Making the case for CPR regulation, LCA software and expert support

Most manufacturers bring in external LCA expertise at some point – and most also reach for dedicated LCA software to make the work manageable at scale.

This is something worth raising with your leadership and broader team early. For most manufacturers, the combination of the right software and expert support is the faster, more sustainable path to CPR compliance than trying to build everything from scratch internally.

Emma puts it plainly: “It’s not embarrassing or bad to ask for external help. Working with experts and building in-house knowledge at the same time is important – because you need to do it yourself in the end, and you often need to do it for your full portfolio. This isn’t a short-term thing.”

The goal isn’t to outsource CPR compliance. The goal is to build the internal knowledge and systems to handle it at scale. LCA automation software gives your team a structured environment to collect data, run calculations, and generate EPDs repeatably – without starting from zero each time. Expert support covers the parts that take the longest to get right: methodology, harmonized standard selection, and verification preparation. It’s worth framing it this way internally, especially when planning a budget around this.

LCAs and EPDs are genuinely complex. Getting the methodology right, understanding which harmonized standard applies to your product, and preparing for third-party verification are all challenging tasks. The right tools and guidance together shorten the learning curve and reduce the risk of rework later.

Phrasing you can use when making the case for external support:

  • “We want to build this capability in-house – we just need the right software to structure our data and expert guidance on the parts that take the longest to get right. This helps us get to the results faster and avoid costly rework.”
  • “Going it alone means we might build something that doesn’t hold up under verification – and then we’ll need to rebuild. The right LCA software vendor that also offers expert guidance is going to help us minimize that risk.” 
  • “CPR isn’t going away. The investment in getting this right now, with the right LCA software solution and expert support, pays off every time a new requirement arrives.”

Your CPR regulation communication checklist: Five moves to make this month

“Just start” is the best advice we can give you in your CPR journey. You don’t need a perfect plan to start the conversation. Starting with using the clear framing outlined in this blog is already a big step.

Follow these steps to get started:

  1. Prepare an overview of CPR and its connection to revenue for leadership: This can be a brief slideshow or a 2-page document. Stick to the basics. What does CPR require for your business to continue to sell without delays or fines? What’s the key timeline? What’s the revenue risk of not having compliant documentation when customers ask? Lead with the commercial exposure, not the regulatory detail.
  2. Map your data gaps – especially supplier data: In your cross-team session, focus on ‘who owns which data, and where are the biggest gaps?’ Supplier-specific material and energy data is usually the biggest bottleneck. Start that conversation with procurement early. 
  3. Run a short mapping session across key teams: Gather product, procurement, sales, and operations teams in a room. Focus on “who owns which piece of the data we need, and where does it live?” Avoid open-ended existential questions like: “How do we comply with CPR?”
  4. Propose 3-5 products to start with: Identify your highest-volume sellers in product categories likely to come into the CPR scope first. A focused pilot creates clear, tangible direction.
  5. Have an expert conversation: Get a realistic read on where you are, what your gaps are, and what your best next steps are for your specific products and product categories.

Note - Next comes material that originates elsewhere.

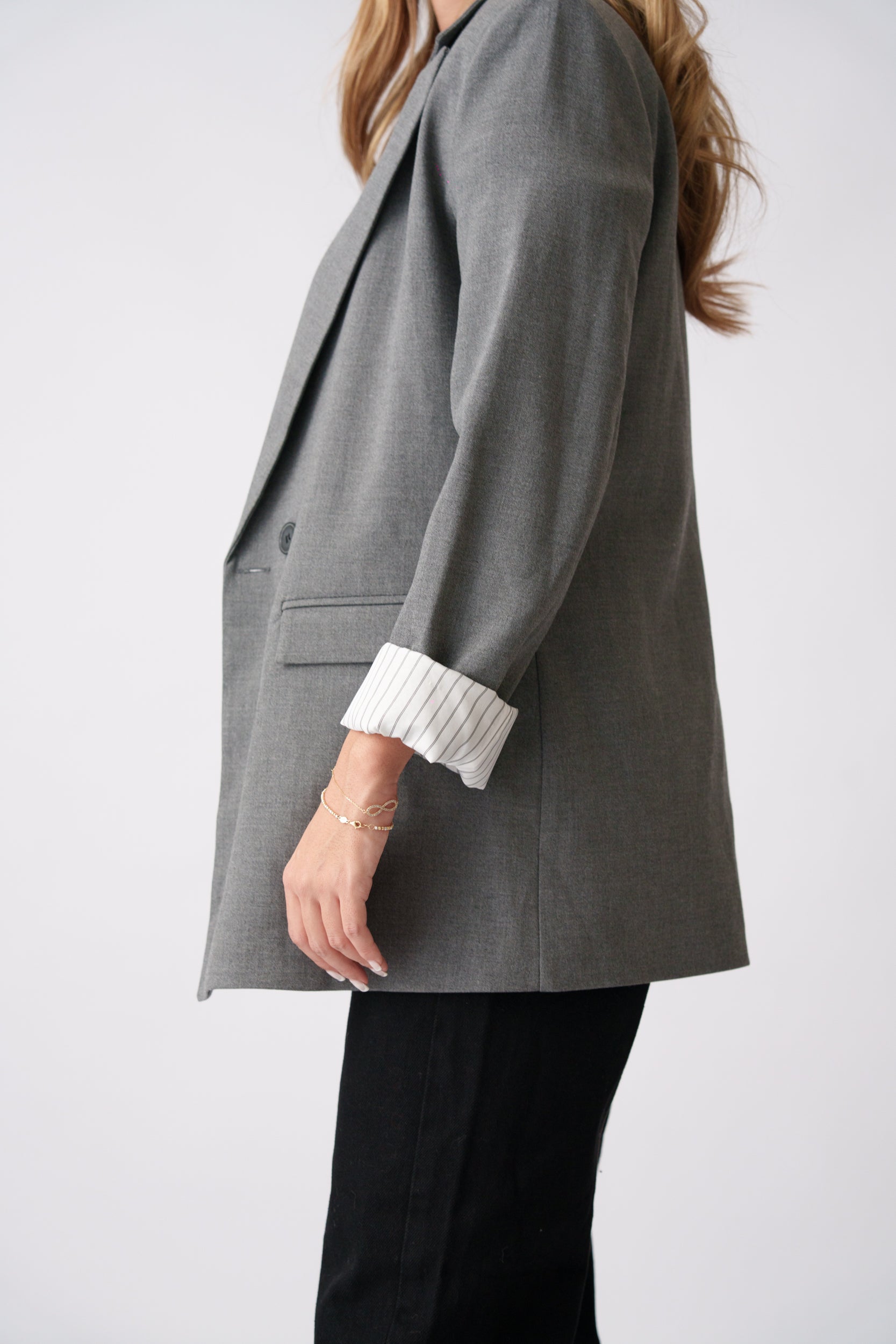 Tailored Blazer –  Grey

Good to keep in mind: If you already have EPDs, verify their quality now. Are they third-party verified? Approved by a recognized Program Operator? Calculated according to EN 15804+A2 (not the older +A1 standard)? If yes, you’re already off to the races when it comes to CPR compliance.

The companies best positioned for CPR compliance don’t wait until everything is clear. 

They’re the ones who get ahead of the task as soon as they can – starting the internal conversation early, narrowing the scope to something manageable, and building from there.

Ready to talk through your CPR starting point?

Watch the full Behind the Product Impact episode with Dr. Pratik Gholkar and Emma Thunnissen. They cover the revenue framing, the data readiness question, and what internal buy-in means in practice.

If you’d prefer a direct conversation about your CPR and product footprinting needs, get in touch with us. We’ve worked with hundreds of construction product manufacturers, and we know how to set you up for success.

Continue reading: Construction Products Regulation (CPR): 7 common questions every manufacturer asks

Frequently asked questions (FAQs)

How do I explain Construction Products Regulation compliance to leadership without losing their attention?

Explaining CPR compliance to leadership works best when you lead with revenue risk, not regulatory detail. Instead of walking through the regulation, show what non-compliance costs commercially: which customers are already asking for CPR-compliant documentation, what they represent in annual revenue, and what happens when you can’t provide it. The fine risk is real but secondary. The primary exposure is being dropped from supplier lists and losing tender access – and that framing lands with a CFO or commercial director immediately.

Which internal teams need to be involved in CPR compliance?

CPR compliance requires involvement from multiple internal teams, not just sustainability. Product and R&D often own the bill of materials and material specs that LCAs are built from. Procurement and supply chain own supplier data, which is often the biggest gap. Sales are usually the first to hear customer requests for EPDs and environmental documentation. Operations own energy consumption and waste data per production stage. Leadership sets priorities and allocates resources. Treating CPR as a sustainability team project almost always creates bottlenecks.

How do you scope a CPR compliance project internally when the full portfolio feels overwhelming?

Scoping a CPR compliance project starts with two filters: which product families are coming into scope soonest based on their harmonized standard, and which products matter most commercially right now. Starting with 3–5 priority products gives the project a clear, manageable shape – and makes it easier to get internal buy-in than proposing a full portfolio programme from the start.

What data do manufacturers typically already have for CPR-compliant LCAs, and what’s usually missing?

Most manufacturers already have a bill of materials and some transport data from key suppliers. What’s typically missing or unstructured is energy consumption per production stage, waste fractions in manufacturing, and supplier-specific material inputs beyond the BOM. The data gap is rarely about not having data at all – it’s about that data sitting across different systems and teams in formats that don’t work for lifecycle analysis.

Is CPR compliance for sustainability teams only?

No, compliance with Construction Products Regulation isn’t only relevant for sustainability teams. While sustainability and product teams are often responsible for executing the work (i.e., LCAs, EPDs, data collection), the planning decisions (i.e., which products to prioritize, what resources to allocate) need to be a company-level commitment. Getting leadership and cross-functional teams involved early eases the CPR process.

When should a manufacturer bring in external LCA support for CPR compliance?

Bringing in external LCA support – whether that’s LCA software, expert guidance, or both – makes sense for most manufacturers at the start of their first LCA or EPD project. The methodology, harmonized standard selection, and third-party verification preparation all have a steep learning curve. The right software structures your data and makes LCAs repeatable at scale. Expert guidance shortens the learning curve and reduces the risk of rework. The goal isn’t to outsource compliance permanently, but to build internal capability faster with the right tools and support alongside.